Em artigo publicado em sua coluna no jornal El País, Fernando Henrique Cardoso reconhece que impeachment de Dilma se baseou em “arranhões de normas constitucionais”. Não era nada grave, eram apenas arranhões.
O tema da coluna é a crise evidenciada pela greve dos caminhoneiros. Repete a lorota de que o PT deixou o governo com as contas desarrumadas. No caso dele, soa à má-fé. Como ex-presidente, sabe que os governos de Dilma e Lula geraram alto valor de reservas, foi criado um fundo soberano (agora destruído por Temer) e nunca se ultrapassou o limite da responsabilidade fiscal. As pedaladas… , ora as pedaladas… Um trecho da coluna do ex-presidente:
A semana que acaba hoje foi plena de tensão demonstrando a quem não percebera antes a profundidade das dissensões que vêm de há muito tempo. As incongruências da política econômica dos governos de Lula e Dilma, em sua fase final, já haviam levado a economia à paralisação e o sistema político a deixar de processar decisões. Daí o impeachment do último governo, ainda que baseado em arranhões de normas constitucionais.
Em outro trecho, depois de propor a criação de um bloco politico no campo progressista, analisa:
No quadro atual, entre o desemprego e a violência cada vez mais assustadora do crime organizado, a perda de confiança nas instituições é um incentivo ao autoritarismo. O bloco proposto deve se opor abertamente a isso. Não basta defender a democracia e as instituições, é preciso torna-las facilitadoras da obtenção das demandas do povo, saber governar, não ser leniente com a corrupção e entender que sem as novas tecnologias não há como atender às demandas populares crescentes. E, principalmente, criar um clima de confiança que permita investimento e difundir a noção de que num mundo globalizado de pouco vale dar as costas a ele.
Por fim, reconhece que é necessário um líder para conduzir o Brasil à saída desse labirinto:
Tudo isso requer liderança e “fulanização”. Quem, sem ser caudilho, será capaz de iluminar um caminho comum para os brasileiros?
Fernando Henrique está correto em parte no diagnóstico que faz, ainda que o reconhecimento dele de que não havia motivo constitucionalmente forte para afastar Dilma seja um pouco tarde.
Foi um processo político, pelo que se depreende do texto do ex-presidente.
No artigo, FHC deixa responder a duas perguntas, por razões que seu compromisso com os setores golpistas, principalmente o PSDB, impedem.
Quem pode conduzir o Brasil à saída desse labirinto?
Lula, é claro.
É o que o povo diz, através das pesquisas.
Se não for Lula, alguém que possa derrotá-lo eleitoralmente e se legitimar como líder da nação.

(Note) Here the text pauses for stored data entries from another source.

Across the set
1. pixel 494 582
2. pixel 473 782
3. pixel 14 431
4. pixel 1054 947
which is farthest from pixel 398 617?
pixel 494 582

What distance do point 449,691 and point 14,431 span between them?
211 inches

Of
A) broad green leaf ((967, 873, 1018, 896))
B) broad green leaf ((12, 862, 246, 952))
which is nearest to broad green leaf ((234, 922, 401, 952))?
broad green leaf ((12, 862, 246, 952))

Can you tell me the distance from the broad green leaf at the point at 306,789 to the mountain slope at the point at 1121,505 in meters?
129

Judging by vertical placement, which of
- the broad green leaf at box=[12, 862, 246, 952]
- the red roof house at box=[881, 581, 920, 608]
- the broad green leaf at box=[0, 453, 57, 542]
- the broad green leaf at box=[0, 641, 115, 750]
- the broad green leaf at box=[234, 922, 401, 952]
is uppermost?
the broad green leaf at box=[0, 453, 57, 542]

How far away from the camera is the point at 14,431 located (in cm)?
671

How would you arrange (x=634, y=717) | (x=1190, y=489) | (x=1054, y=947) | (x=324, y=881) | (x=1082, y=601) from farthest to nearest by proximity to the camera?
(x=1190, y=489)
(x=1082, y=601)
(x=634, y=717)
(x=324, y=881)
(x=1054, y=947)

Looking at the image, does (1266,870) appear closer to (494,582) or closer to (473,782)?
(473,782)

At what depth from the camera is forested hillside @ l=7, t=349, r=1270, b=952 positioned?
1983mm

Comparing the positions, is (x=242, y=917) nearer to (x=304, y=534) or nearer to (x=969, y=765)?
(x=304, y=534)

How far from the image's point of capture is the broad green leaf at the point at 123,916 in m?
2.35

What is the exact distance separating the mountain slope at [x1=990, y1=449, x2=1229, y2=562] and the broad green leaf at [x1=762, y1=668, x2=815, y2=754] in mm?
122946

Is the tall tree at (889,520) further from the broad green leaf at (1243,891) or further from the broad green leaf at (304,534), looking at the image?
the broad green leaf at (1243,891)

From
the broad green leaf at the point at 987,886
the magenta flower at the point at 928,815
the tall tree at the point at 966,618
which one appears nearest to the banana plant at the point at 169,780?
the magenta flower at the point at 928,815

Fora disso, nenhum outro terá legitimidade, e já iniciará um governo sob contestação em janeiro.
FHC também poderia avançar um pouco e dizer como se poderia desarmar a bomba que pode levar o Brasil para o autoritarismo em escala maior.
Um passo simples é impedir que a Constituição continue sendo não arranhada, mas violada com a prisão estranha de Lula.
Estranha porque resultado de uma condenação sem prova e também porque Lula foi impedido de recorrer em liberdade.
A Constituição garante que ele teria esse direito, mas o Supremo Tribunal Federal, responsável por proteger a Carta Maior de violações, se recusa a votar a ação que reafirmaria a constitucionalidade do artigo do Código de Processo Penal que assegura a aplicação do princípio da presunção de inocência.
Fernando Henrique Cardoso poderia reconhecer que já vivemos num regime autoritário — ainda que sem farda e com aparência de legalidade, mas autoritário –, em que a vontade de alguns setores se impões sobre normas constitucionais.
Pelas normas constitucionais em sua plena vigência, não haveria alternativa: seria Lula livre.
Mas quem, com os compromissos que FHC tem, poderia dizer tal verdade?